E-Bikes Facts - Newton meter (defined in e-bike terms):  A unit of torque in the SI Units (International System of Units, a complete metric system of units of measurement for scientists) system. Used to measure and rate the rotating force produced by an e-bike motor. The most important factor in determining how well a motor will climb hills and accelerate.

E-Bikes Facts - Sealed Lead Acid (SLA):  SLA batteries are mostly found in older e-bikes. SLA is still considered a large step up from ordinary lead-acid batteries in automotive and powersports equipment, since the “sealed” battery allows freedom to mount the battery without regard to orientation or worry about acid leaking out. Heavy (we are talking lead, after all) and lacking the energy density of newer chemistries, they were widely used in early e-bikes because of their low cost, easy system integration and ability to deliver the high current e-bike motors require.

E-Bikes Facts - Lithium-ion: The most commonly used e-bike battery type. Common lithium-ion chemistries used in e-bikes include lithium iron phosphate (LiFePO4) and lithium manganese oxide (LMO). Lithium-ion batteries are prized for their high-energy density, low self-discharge, and lack of “memory.”

E-Bikes Facts - Watt: A unit of power in the SI system.

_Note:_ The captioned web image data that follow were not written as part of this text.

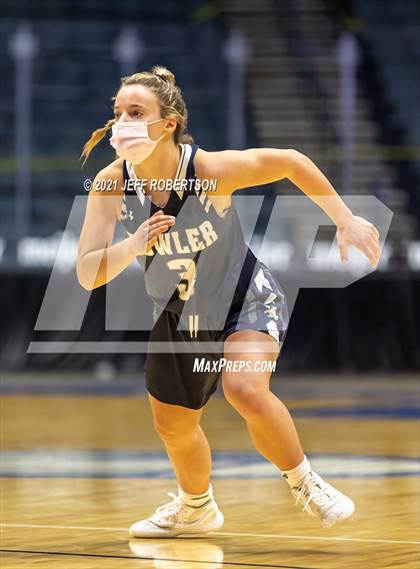 Thumbnail 2 in Fowler vs. Carney-Nadeau (MHSAA D4 Semifinal) photogallery.
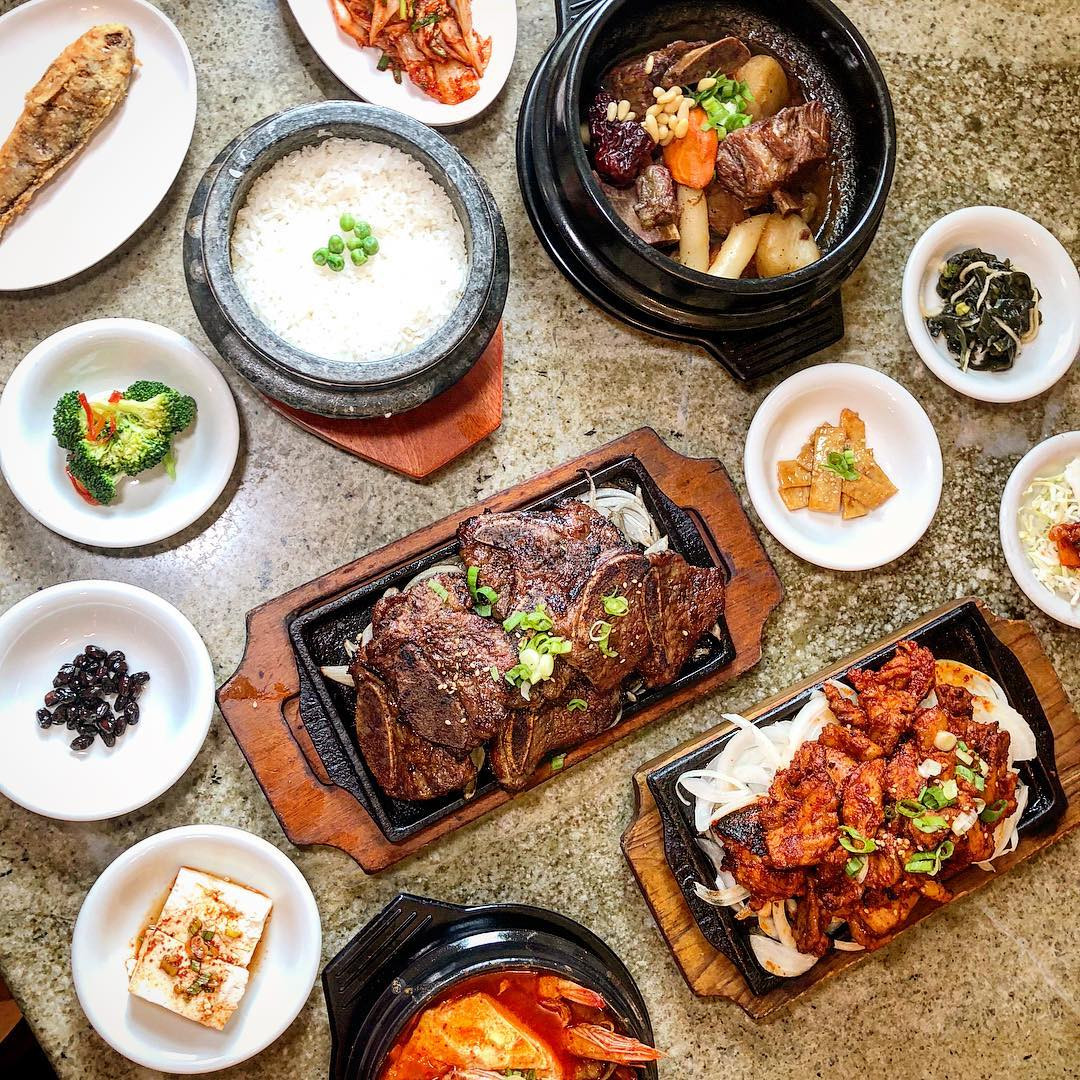 Sườn nướng Galbi 8Day nhà cái DT68 là nhà cái uy tín hàng đầu trong lĩnh vực cá cược tại thị trường Việt Nam của Hàn Quốc tuyệt đỉnh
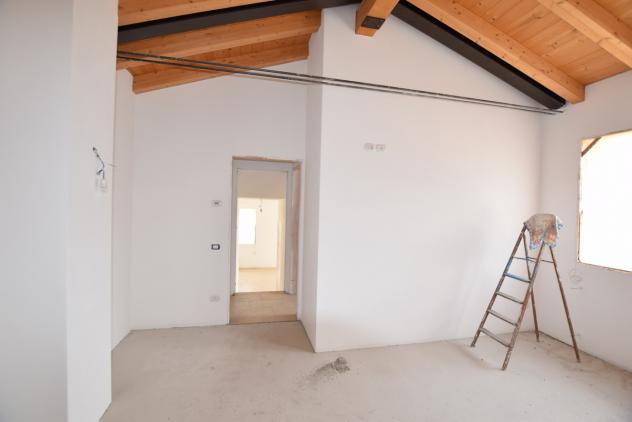 CASA AFFIANCATA di 7 vani e di 175 mq (PEDEROBBA) rif. DB030AB - Foto 11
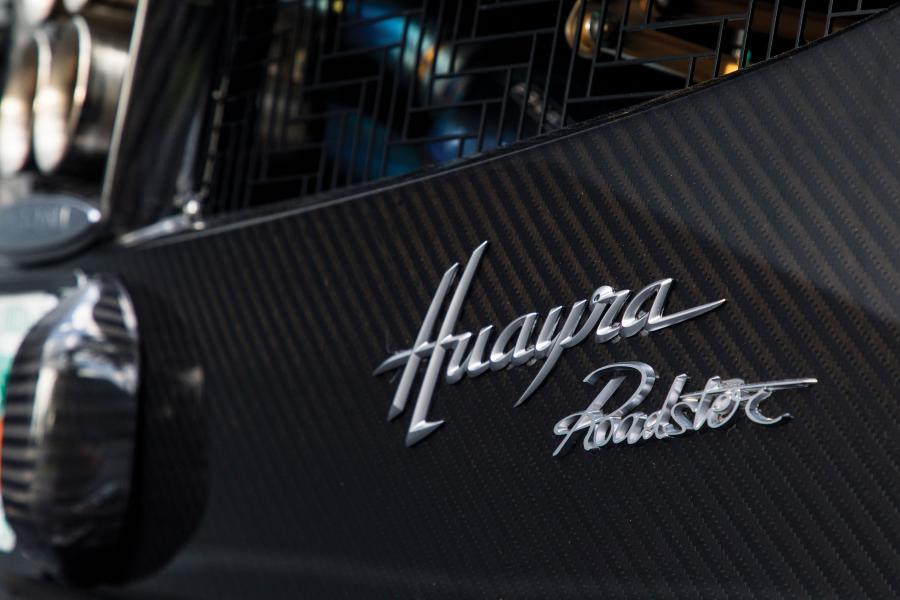 Логотип Pagani Huayra Roadster (94 of 100) 2017 года  (NA) (фото 43 из 61)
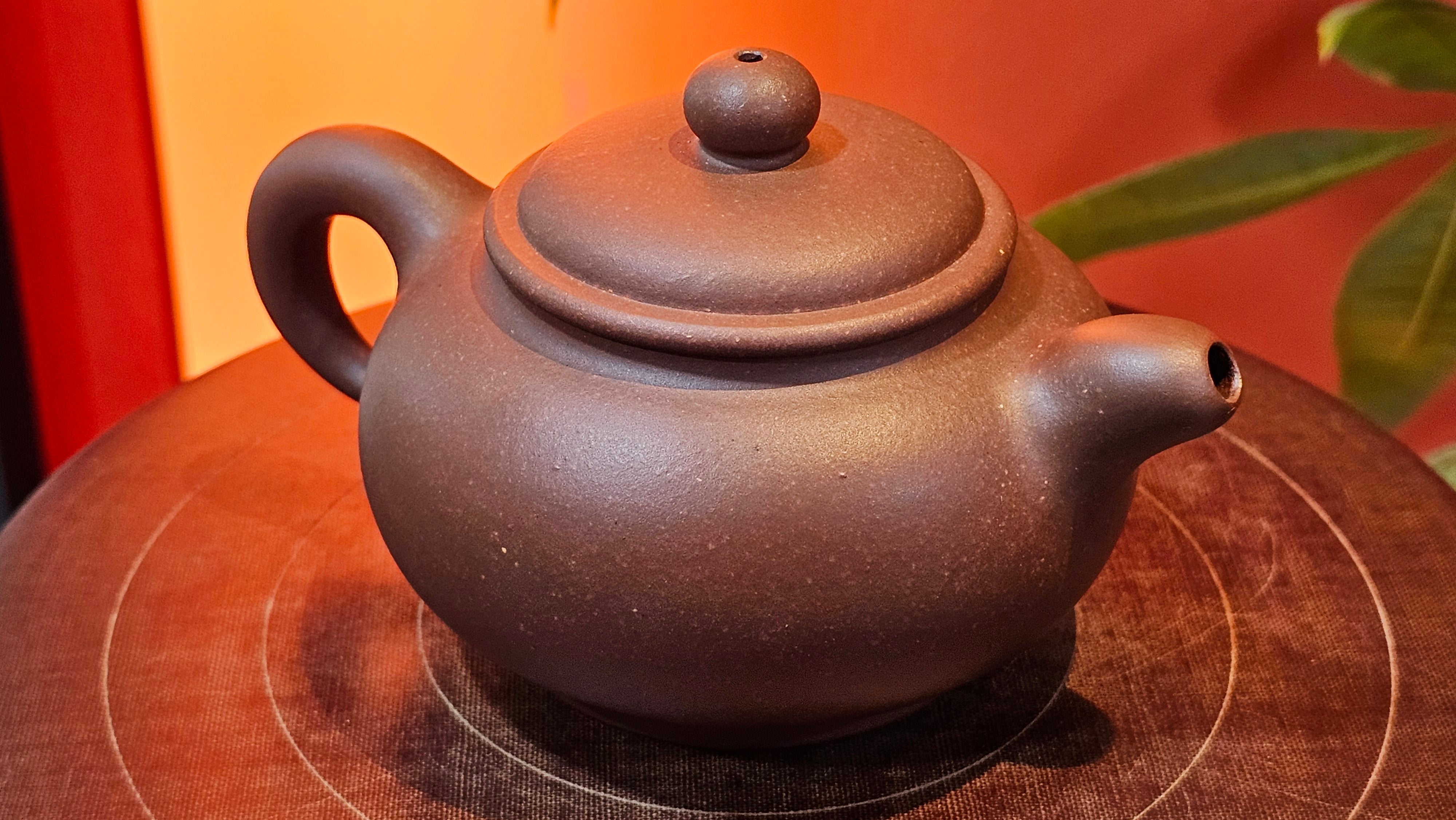 Xuan Zhu Hu 玄珠壶, 146.9ml, Zi Ni 紫泥, by our Craftsman Fan Xiao Zhi 范小智 ~ Congratulations to Mr J.T.! 1502hrs 29th August 2025, Fargo! ND.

Used to measure and rate the capacity of an e-bike motor to do work. A motor that is consuming more watts generally feels more powerful and usually reaches higher speeds.

E-Bikes Facts - Watt hour (Wh):  A measurement of electric charge. Watt hours rate a battery’s energy content. A watt hour is the amount of work required to produce one watt of power for one hour. When used to rate the capacity of e-bike batteries, watt hours are generally derived from the battery’s nominal voltage multiplied by its capacity in amp hours. This measurement is useful because it allows easy comparison of the energy content of several batteries, irrespective of voltage: a 36-volt, 10Ah battery would be labeled 360Wh; a 48-volt, 7.5Ah battery would also be labeled 360Wh.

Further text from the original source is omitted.